🤖 AI Summary
Existing camera-based 3D semantic scene completion (SSC) methods struggle to reconstruct occluded regions—such as the vehicle’s lateral blind zones—due to reliance solely on the current frame and ineffective temporal fusion that fails to leverage contextual information from historical frames. To address this, we propose C3DFusion, a geometry-aware spatiotemporal fusion module that aligns 3D features across frames. Specifically, it first applies context-aware blurring to historical features to enhance robustness against pose uncertainty and sensor noise, then employs point-cloud-guided voxel densification to enable precise cross-frame feature aggregation. Evaluated on SemanticKITTI and SSCBench-KITTI-360, our method achieves significant improvements over state-of-the-art approaches, particularly in semantic and geometric reconstruction accuracy within lateral blind regions. Moreover, C3DFusion demonstrates strong generalizability across diverse backbone architectures, validating its architectural flexibility and effectiveness.
📝 Abstract
Recent camera-based 3D semantic scene completion (SSC) methods have increasingly explored leveraging temporal cues to enrich the features of the current frame. However, while these approaches primarily focus on enhancing in-frame regions, they often struggle to reconstruct critical out-of-frame areas near the sides of the ego-vehicle, although previous frames commonly contain valuable contextual information about these unseen regions. To address this limitation, we propose the Current-Centric Contextual 3D Fusion (C3DFusion) module, which generates hidden region-aware 3D feature geometry by explicitly aligning 3D-lifted point features from both current and historical frames.
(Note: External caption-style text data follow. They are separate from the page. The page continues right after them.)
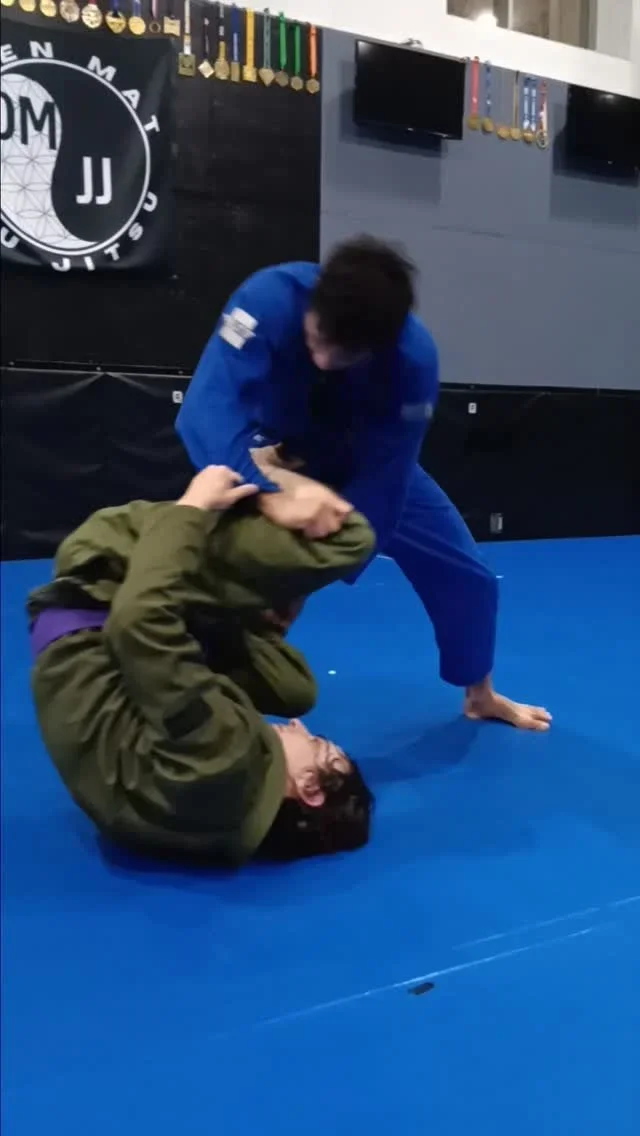 OM Jiu Jitsu academy photo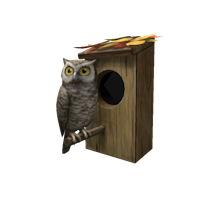 Owl Perch Backpack Roblox Promo Code: undefined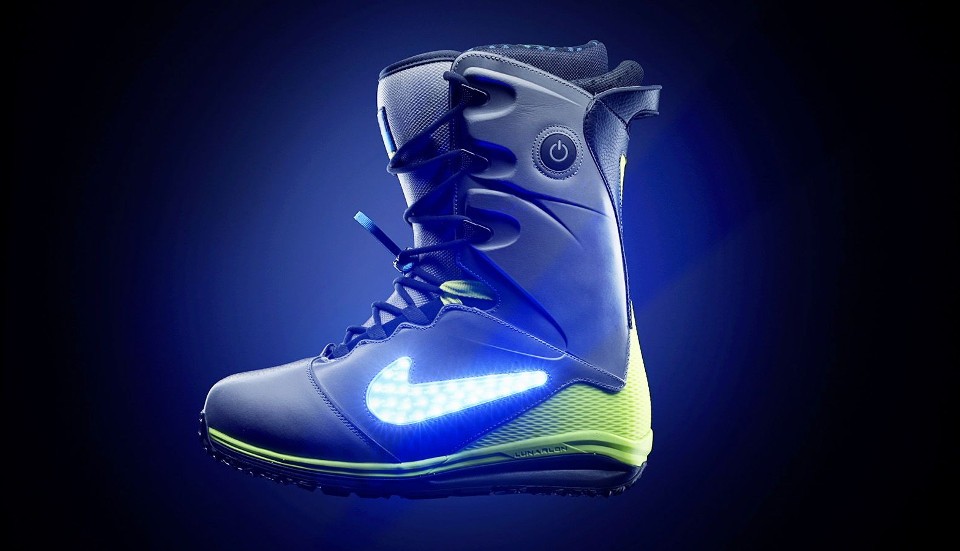 nike lunarendor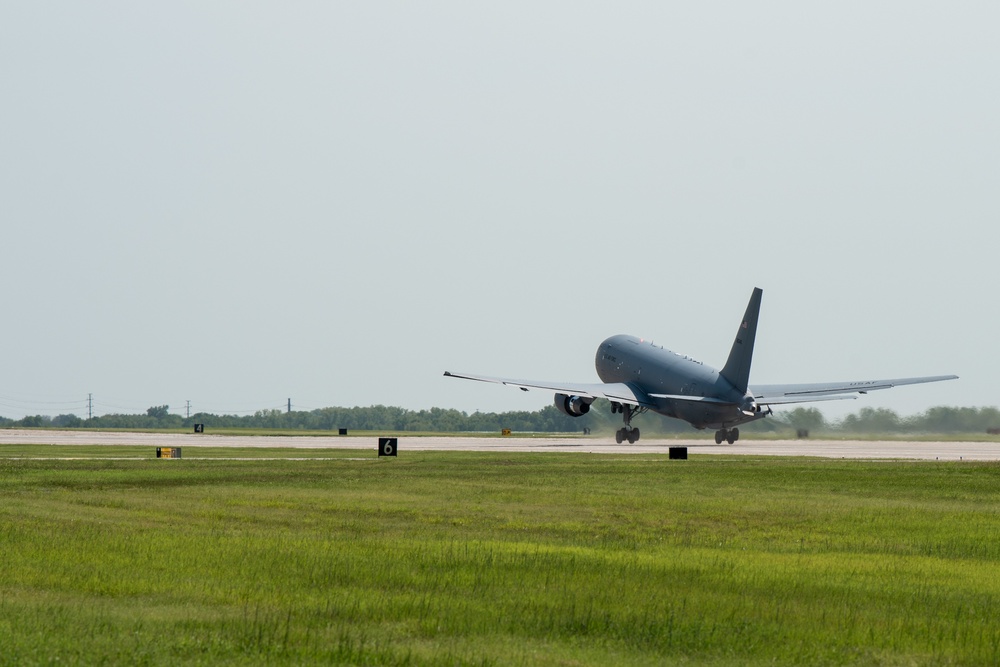 KC-46 TACC Mission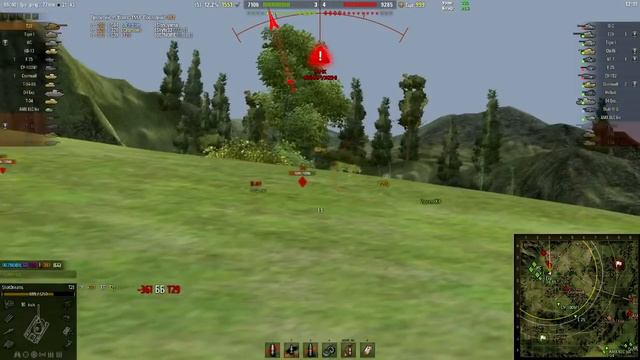 T29 - Обзор танка, Как играть, Гайд, Мастер смотреть онлайн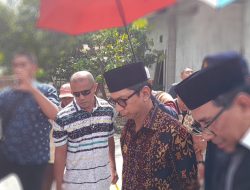 Pj. Gubernur NTT Letakan Batu Pertama Pembangunan Gedung Koperasi dan Sekber KEMALA Kupang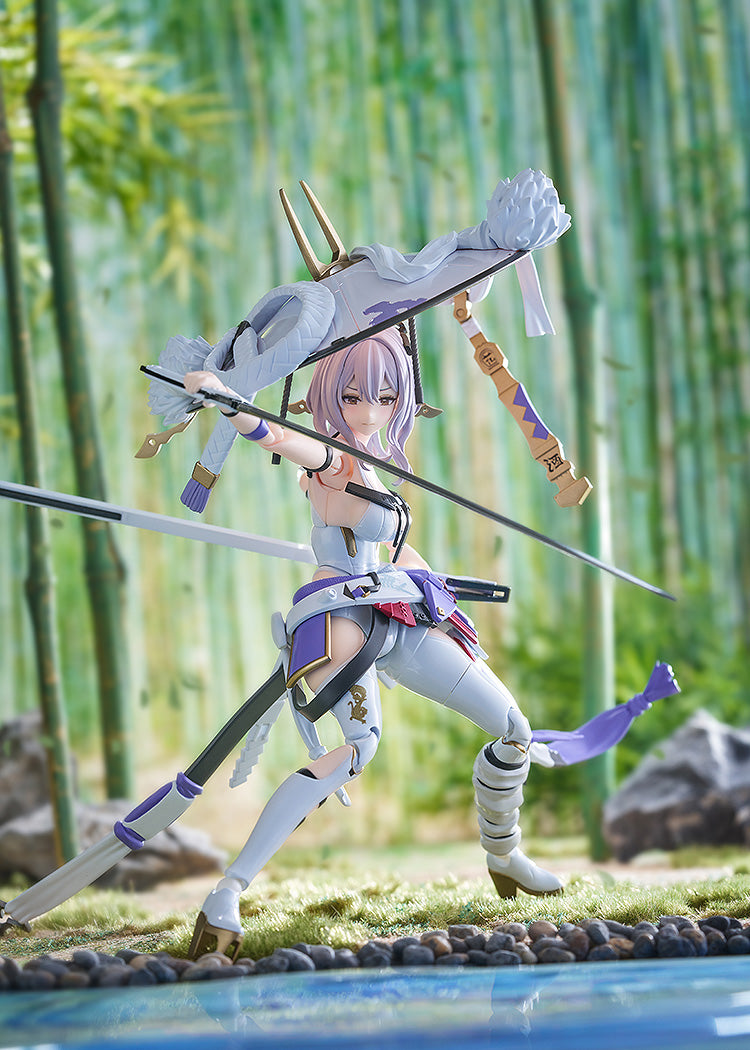 figma Scarlet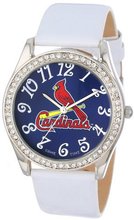 Game Time MLB-GLI-STL Glitz Classic Analog St. Louis Cardinals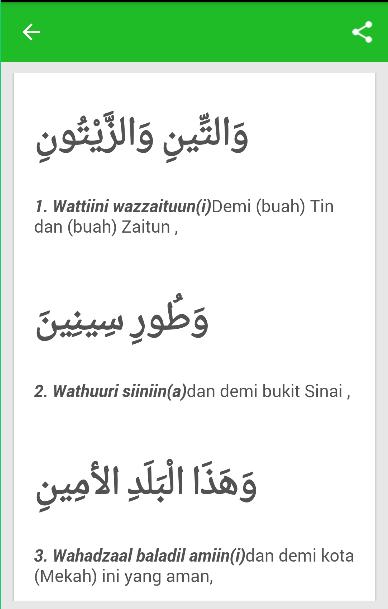 Pahami Surah Juz 30 Latin Pahami Surah Juz 30 Latin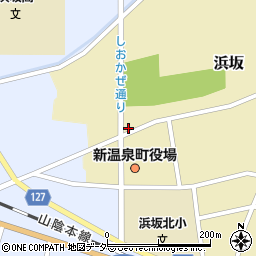 BunBun周辺の地図
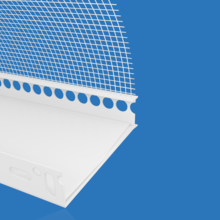 EWI Pro uPVC Starter Track 100mm-160mm (2m)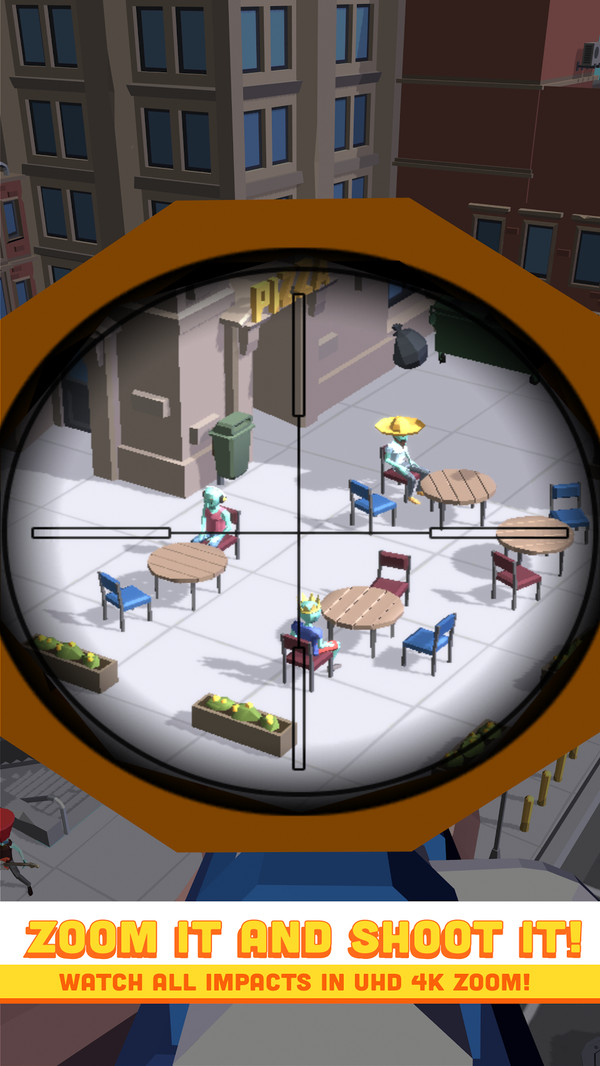 玩具狙击手游戏手机版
C3DFusion performs enhanced temporal fusion through two complementary techniques-historical context blurring and current-centric feature densification-which suppress noise from inaccurately warped historical point features by attenuating their scale, and enhance current point features by increasing their volumetric contribution. Simply integrated into standard SSC architectures, C3DFusion demonstrates strong effectiveness, significantly outperforming state-of-the-art methods on the SemanticKITTI and SSCBench-KITTI-360 datasets. Furthermore, it exhibits robust generalization, achieving notable performance gains when applied to other baseline models.